I went straight to the theater. There were not many people waiting at the box office and the attendant who had thrown me out earlier was idly strolling in the yard. I picked up two good-sized bricks from the street and sneaked up the staircase of a building adjoining the cinema. I dropped an empty bottle from the third-floor landing. As I expected, the attendant came quickly to the spot where it fell. When he bent down to examine it I dropped the two bricks. And then I ran down the steps into the street.

After this incident I went out only at night. My parents tried to protest, but I would not listen. I slept during the day and at dusk I was ready to start my night prowl.

All cats are the same in the dark, says the proverb. But it certainly did not apply to people.

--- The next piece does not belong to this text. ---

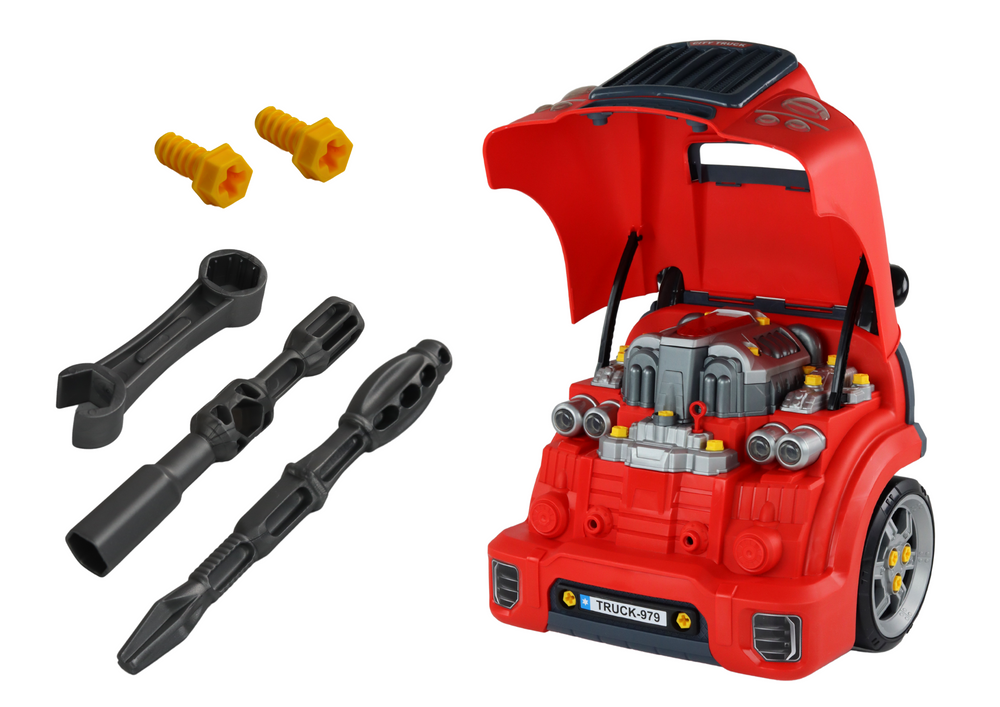 Sunkvežimio variklis dirbtuvės, raudonas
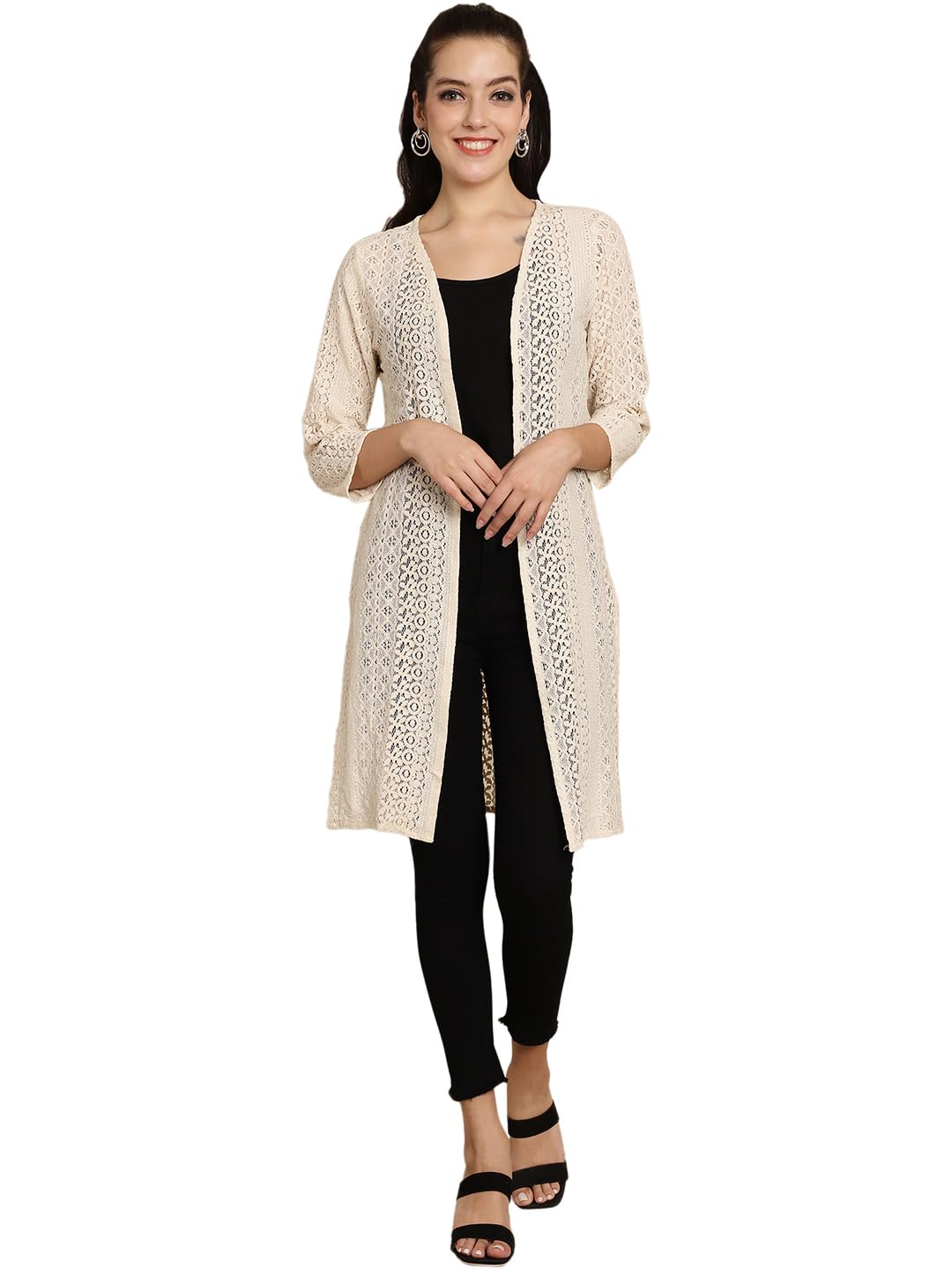 dressitude Women Front Open Self Designed 3/4th Sleeves Long Shrug-picture-26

With them it was just the opposite. During the day they were all alike, running in their well-defined ways. At night they changed beyond recognition. Men sauntered along the street, or jumped like grasshoppers from the shadow of one streetlamp into the next, taking occasional swigs from the bottles they carried in their pockets. In the dark gaping doorways there were women with open blouses and tight skirts. Men approached them with a staggering gait and then they disappeared together. From behind the anemic city shrubbery one heard the squeals of couples making love. In the ruins of a bombed house several boys were raping a girl reckless enough to have ventured out alone. An ambulance turned a distant corner with a screech of tires; a fight broke out in a nearby tavern and there was the crash of broken glass.

I was soon familiar with the night city. I knew quiet lanes where girls younger than myself solicited men older than my father. I found places where men dressed in smart clothes with gold watches on their wrists traded in objects the very possession of which could get them years in prison. I found an inconspicuous house from which young men took piles of leaflets to post on government buildings, posters which the militiamen and soldiers tore down in rage. I saw the militia organize a manhunt and I saw armed civilians killing a soldier. In daytime the world was at peace. The war continued at night.

Every night I visited a park near the zoological garden, on the outskirts of the city. Men and women assembled there to trade, drink, and play cards. These people were good to me. They would give me chocolate which was hard to get, and they taught me how to throw a knife and how to snatch one from a man’s hand. In return I was asked to deliver small packages to various addresses, avoiding militiamen and plain-clothesmen. When I returned from these missions the women drew me to their perfumed bodies and encouraged me to lie down with them and caress them in the ways I had learned with Ewka. I felt at ease among these people whose faces were concealed in the darkness of night. I did not bother anyone, I did not get into anyone’s way. They regarded my being mute as an asset which ensured my discretion when I carried out my missions.